━━ Source material
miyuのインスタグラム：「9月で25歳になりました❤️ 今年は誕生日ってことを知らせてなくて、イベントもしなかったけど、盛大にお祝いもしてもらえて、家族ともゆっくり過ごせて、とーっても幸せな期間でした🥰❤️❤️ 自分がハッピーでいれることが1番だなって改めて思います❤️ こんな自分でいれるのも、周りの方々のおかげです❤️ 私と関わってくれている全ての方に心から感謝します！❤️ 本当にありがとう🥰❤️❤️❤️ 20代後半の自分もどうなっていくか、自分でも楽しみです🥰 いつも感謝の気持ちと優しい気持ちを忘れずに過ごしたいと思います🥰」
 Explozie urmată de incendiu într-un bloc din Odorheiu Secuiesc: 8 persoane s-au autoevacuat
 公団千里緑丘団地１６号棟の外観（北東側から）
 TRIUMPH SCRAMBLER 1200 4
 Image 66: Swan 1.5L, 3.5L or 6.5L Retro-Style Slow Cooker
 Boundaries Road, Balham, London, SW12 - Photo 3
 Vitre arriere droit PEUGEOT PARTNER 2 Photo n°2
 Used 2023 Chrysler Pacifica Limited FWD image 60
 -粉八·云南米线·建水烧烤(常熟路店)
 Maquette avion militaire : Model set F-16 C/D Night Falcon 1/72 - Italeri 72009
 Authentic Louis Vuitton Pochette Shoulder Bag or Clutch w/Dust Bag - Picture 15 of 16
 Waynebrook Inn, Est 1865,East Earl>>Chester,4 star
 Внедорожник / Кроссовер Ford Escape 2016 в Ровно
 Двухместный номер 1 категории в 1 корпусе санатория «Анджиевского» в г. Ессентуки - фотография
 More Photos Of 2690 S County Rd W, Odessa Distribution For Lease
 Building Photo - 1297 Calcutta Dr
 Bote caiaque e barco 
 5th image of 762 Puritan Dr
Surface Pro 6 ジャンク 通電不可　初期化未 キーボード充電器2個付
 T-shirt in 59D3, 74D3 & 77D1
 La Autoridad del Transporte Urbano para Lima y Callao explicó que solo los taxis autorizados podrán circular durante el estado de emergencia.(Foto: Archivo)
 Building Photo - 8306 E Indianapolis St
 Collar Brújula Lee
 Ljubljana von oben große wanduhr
━━━━
- Exercise prompt:
Every line above should be reproduced precisely.

- Answer to this exercise:
miyuのインスタグラム：「9月で25歳になりました❤️ 今年は誕生日ってことを知らせてなくて、イベントもしなかったけど、盛大にお祝いもしてもらえて、家族ともゆっくり過ごせて、とーっても幸せな期間でした🥰❤️❤️ 自分がハッピーでいれることが1番だなって改めて思います❤️ こんな自分でいれるのも、周りの方々のおかげです❤️ 私と関わってくれている全ての方に心から感謝します！❤️ 本当にありがとう🥰❤️❤️❤️ 20代後半の自分もどうなっていくか、自分でも楽しみです🥰 いつも感謝の気持ちと優しい気持ちを忘れずに過ごしたいと思います🥰」
 Explozie urmată de incendiu într-un bloc din Odorheiu Secuiesc: 8 persoane s-au autoevacuat
 公団千里緑丘団地１６号棟の外観（北東側から）
 TRIUMPH SCRAMBLER 1200 4
 Image 66: Swan 1.5L, 3.5L or 6.5L Retro-Style Slow Cooker
 Boundaries Road, Balham, London, SW12 - Photo 3
 Vitre arriere droit PEUGEOT PARTNER 2 Photo n°2
 Used 2023 Chrysler Pacifica Limited FWD image 60
 -粉八·云南米线·建水烧烤(常熟路店)
 Maquette avion militaire : Model set F-16 C/D Night Falcon 1/72 - Italeri 72009
 Authentic Louis Vuitton Pochette Shoulder Bag or Clutch w/Dust Bag - Picture 15 of 16
 Waynebrook Inn, Est 1865,East Earl>>Chester,4 star
 Внедорожник / Кроссовер Ford Escape 2016 в Ровно
 Двухместный номер 1 категории в 1 корпусе санатория «Анджиевского» в г. Ессентуки - фотография
 More Photos Of 2690 S County Rd W, Odessa Distribution For Lease
 Building Photo - 1297 Calcutta Dr
 Bote caiaque e barco 
 5th image of 762 Puritan Dr
Surface Pro 6 ジャンク 通電不可　初期化未 キーボード充電器2個付
 T-shirt in 59D3, 74D3 & 77D1
 La Autoridad del Transporte Urbano para Lima y Callao explicó que solo los taxis autorizados podrán circular durante el estado de emergencia.(Foto: Archivo)
 Building Photo - 8306 E Indianapolis St
 Collar Brújula Lee
 Ljubljana von oben große wanduhr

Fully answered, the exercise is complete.